My mind races from all he's just said. "I... This was done to you?" I cover my mouth in horror. "Someone kept you for a slave? How could anyone do something like that?"

He waves me away. "That doesn't matter. I'm free now. What's important is that I haven't let what was done to me ruin me. I don't want to see anything ruin you."

"But... it isn't the same..." My eyes begin to tear up. "This wasn't done to me. I did it... I chose this. I'm the one who has to live with that."

"You made a mistake, yes. But it isn't one that you can't repair." Fenris' eyes have hope in them, hope for me.

"With all that's happened... how are you so kind? And why to me?" I try to blink away my tears but one spills over.

Fenris steps forward and wipes it away from my cheek with his bare thumb. "I'm grateful for what I have now. Every bit. I can tell that you're hurting but that your heart is innocent. I want to help you escape the war with yourself that I am far too familiar with."

I can't find a word to say at first. My breath catches in my throat. When I can manage, "Thank you... I want that, I think... but I wouldn't know where to start. Will you be sticking around here? Would you possibly help me?" My voice shakes horribly but I mean what I say. Oh please let him say yes. Maker, his soul is so genuine. I couldn't stand it if I never saw him again.
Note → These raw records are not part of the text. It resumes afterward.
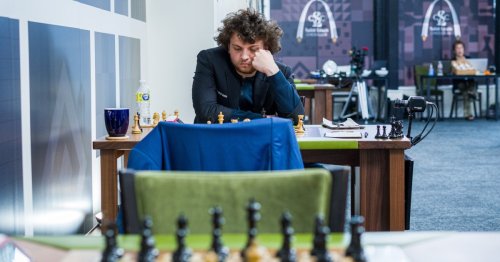 U.S. chess grandmaster 'likely cheated' in more than 100 online games, investigation finds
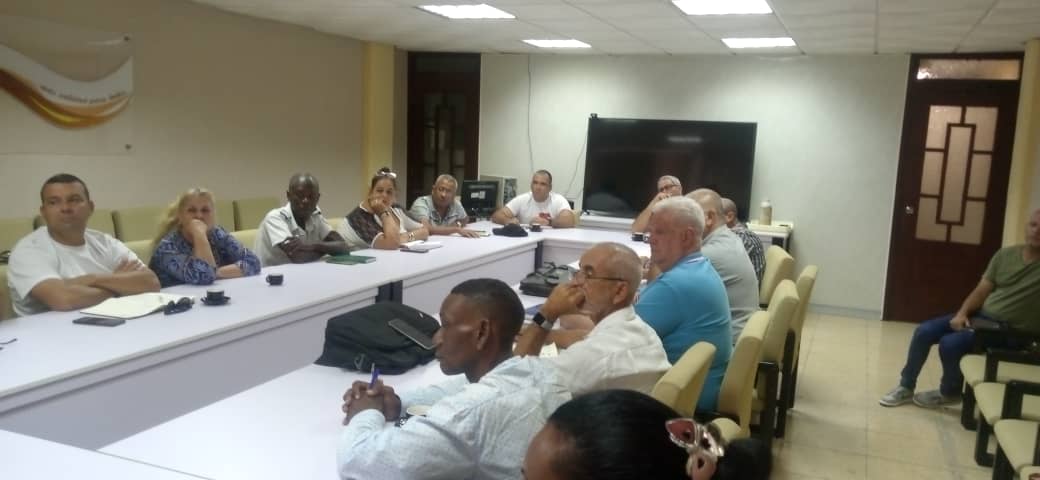 Intercambio con OSDE alimentaria para continuar acciones en el consejo popular Casablanca #Regla #100AñosConFidel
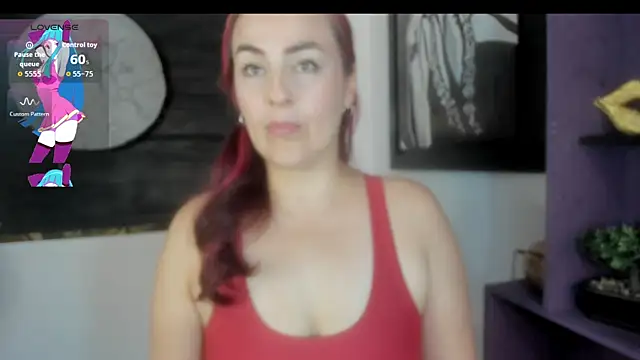 Snapshot of Roxannelorence_ chatting on October 27, 4:13 pm Roxannelorence  online show from October 27, 4:13 pm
He gazes at me for second and then, "I'd like that. I haven't found my place here yet. Perhaps we could help each other." He smiles brightly and it's as if the world stops. It isn't a pity smile or a 'poor little Merrill, if only she wasn't a maleficar' smile. It's a true smile for me, for the Merrill he sees that I can be.

I return his smile. He picks up his gauntlet and then offers me his bare hand. I take it and as the markings on it begin to warm my own, I'm filled with more hope than I've had since I became a blood mage. Maybe things really can be different for me. For us.